> **Your task**: Leave out the pictures and print the records below exactly.

··· Input material ···

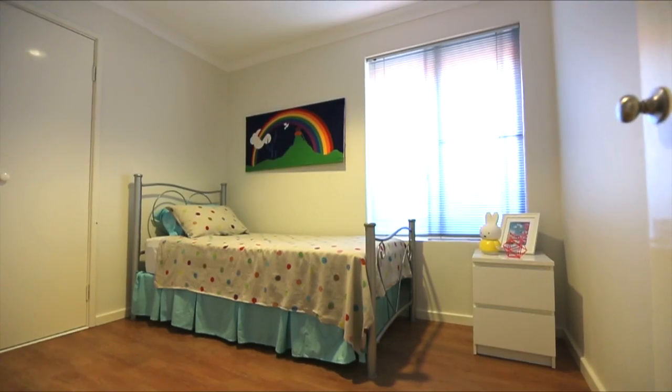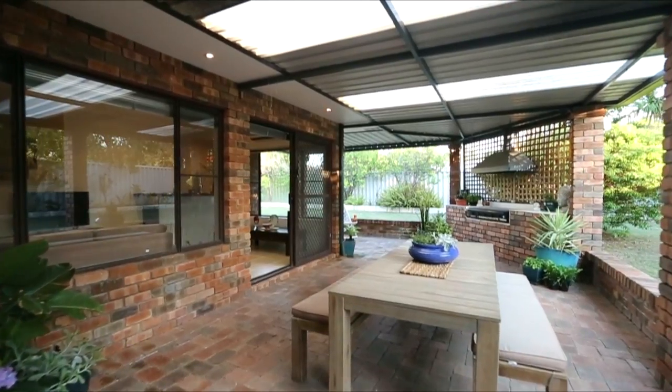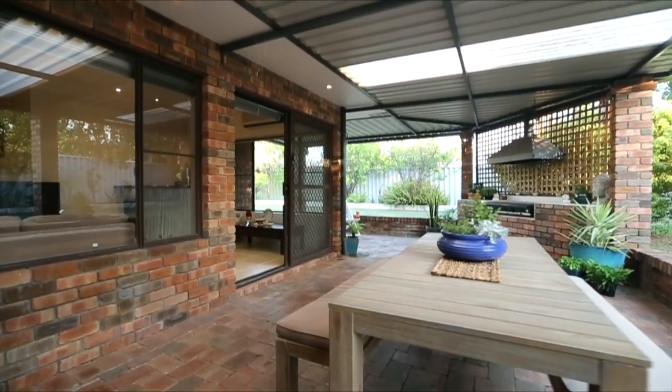Outside there's a pergola and entertaining area with a built-in barbecue, plenty of garden space for kids to play and room for a pool.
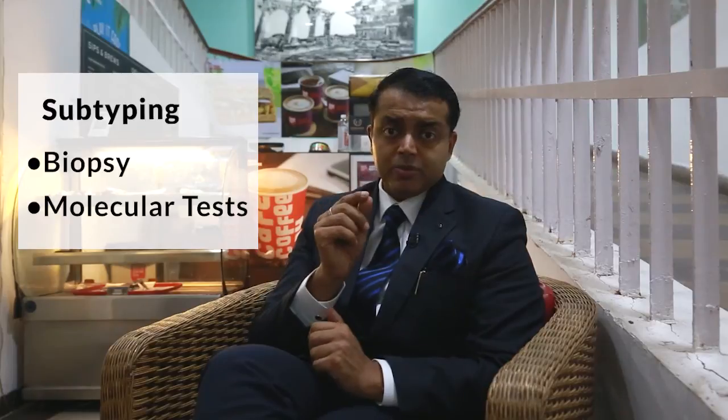Other than the staging, the subtype of lung cancer is very important. In today's world, we have almost 10 subtypes of lung cancer which are different. Subtyping of lung cancer requires generally a biopsy, and certain tests are done called immunohistochemistry tests and molecular tests, and based on the molecular testing, the subtype of lung cancer is known.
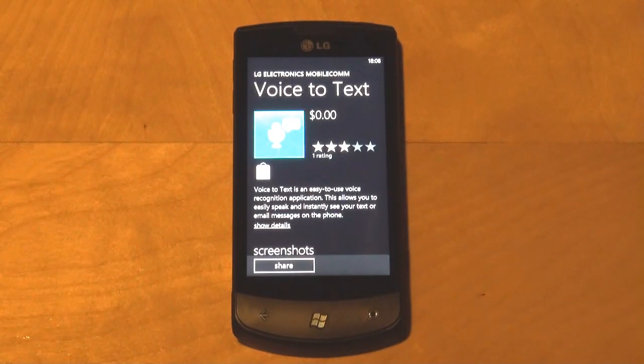Hey everyone, this is Anton Dinojt from Pocketnow.com. Today we're going to look at an application called Voice2Text. It comes from LG and we heard about this application when LG announced the LG Optimus 7 and the LG Optimus 7Q, which goes by the name of Quantum.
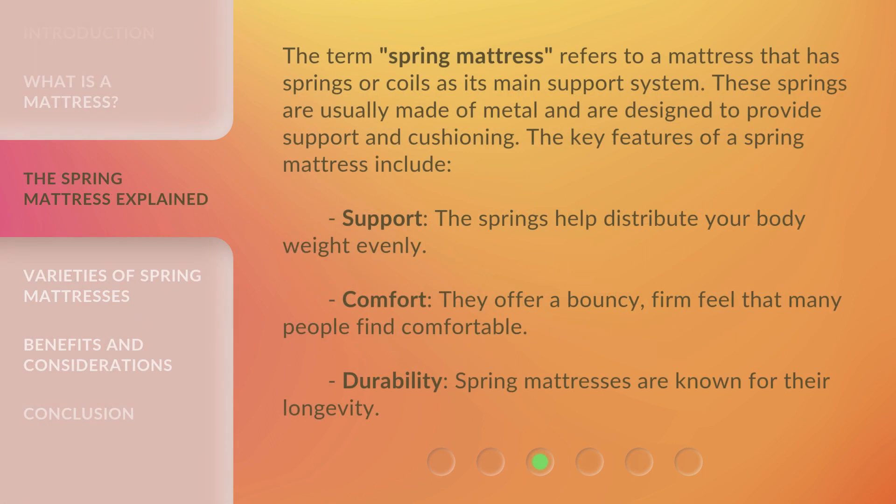The term 'spring mattress' refers to a mattress that has springs or coils as its main support system. These springs are usually made of metal and are designed to provide support and cushioning.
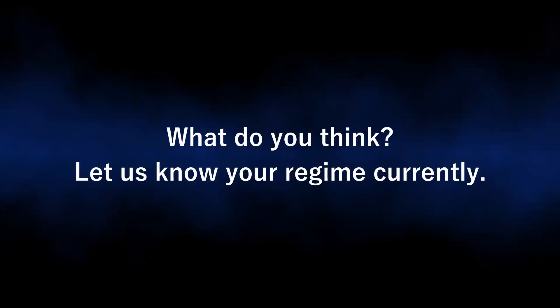What do you think? Let us know your regime. I will add links to the description to articles I have referenced for you to read in further depth if you require. And why not try this if you haven't seen the video on autophagy already?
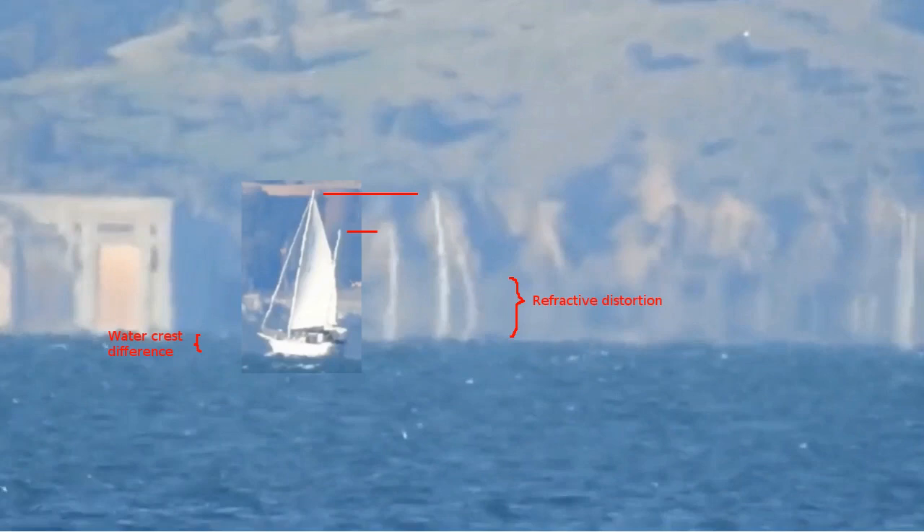Furthermore, this comparison makes it clear that the water cannot be flat, since in that case a distant boat would be higher in the image when compared to the water crest, not lower.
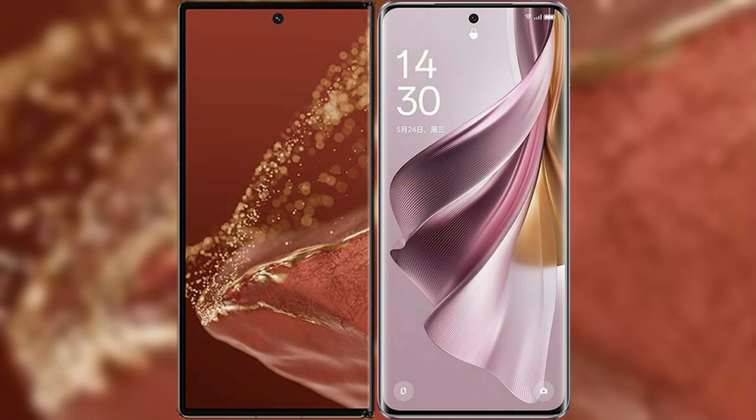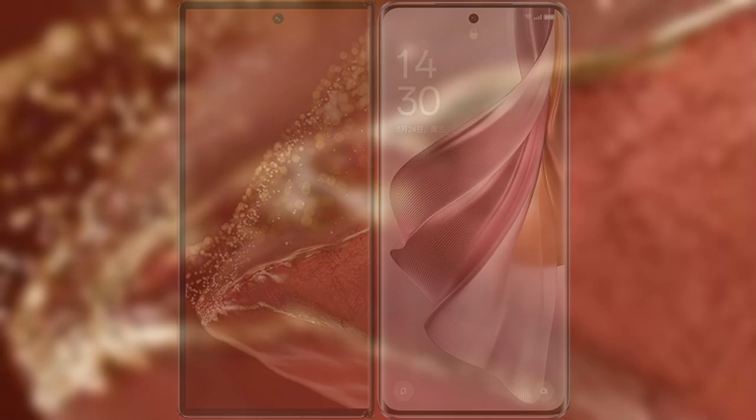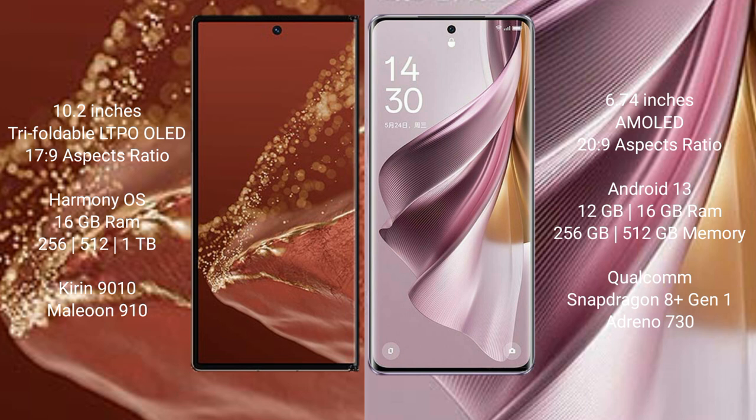I will compare the new Huawei Mate XT Ultimate with Oppo Reno 10 Pro Plus. The Huawei Mate XT Ultimate features a 10.2-inch triple foldable LTPO LED display with a screen-to-body ratio of 17.9, while the Oppo Reno 10 Pro Plus has a 6.74-inch AMOLED display with a screen-to-body ratio of 20.9.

···

> **Exercise result**:
Outside there's a pergola and entertaining area with a built-in barbecue, plenty of garden space for kids to play and room for a pool.
Other than the staging, the subtype of lung cancer is very important. In today's world, we have almost 10 subtypes of lung cancer which are different. Subtyping of lung cancer requires generally a biopsy, and certain tests are done called immunohistochemistry tests and molecular tests, and based on the molecular testing, the subtype of lung cancer is known.
Hey everyone, this is Anton Dinojt from Pocketnow.com. Today we're going to look at an application called Voice2Text. It comes from LG and we heard about this application when LG announced the LG Optimus 7 and the LG Optimus 7Q, which goes by the name of Quantum.
The term 'spring mattress' refers to a mattress that has springs or coils as its main support system. These springs are usually made of metal and are designed to provide support and cushioning.
What do you think? Let us know your regime. I will add links to the description to articles I have referenced for you to read in further depth if you require. And why not try this if you haven't seen the video on autophagy already?
Furthermore, this comparison makes it clear that the water cannot be flat, since in that case a distant boat would be higher in the image when compared to the water crest, not lower.
I will compare the new Huawei Mate XT Ultimate with Oppo Reno 10 Pro Plus. The Huawei Mate XT Ultimate features a 10.2-inch triple foldable LTPO LED display with a screen-to-body ratio of 17.9, while the Oppo Reno 10 Pro Plus has a 6.74-inch AMOLED display with a screen-to-body ratio of 20.9.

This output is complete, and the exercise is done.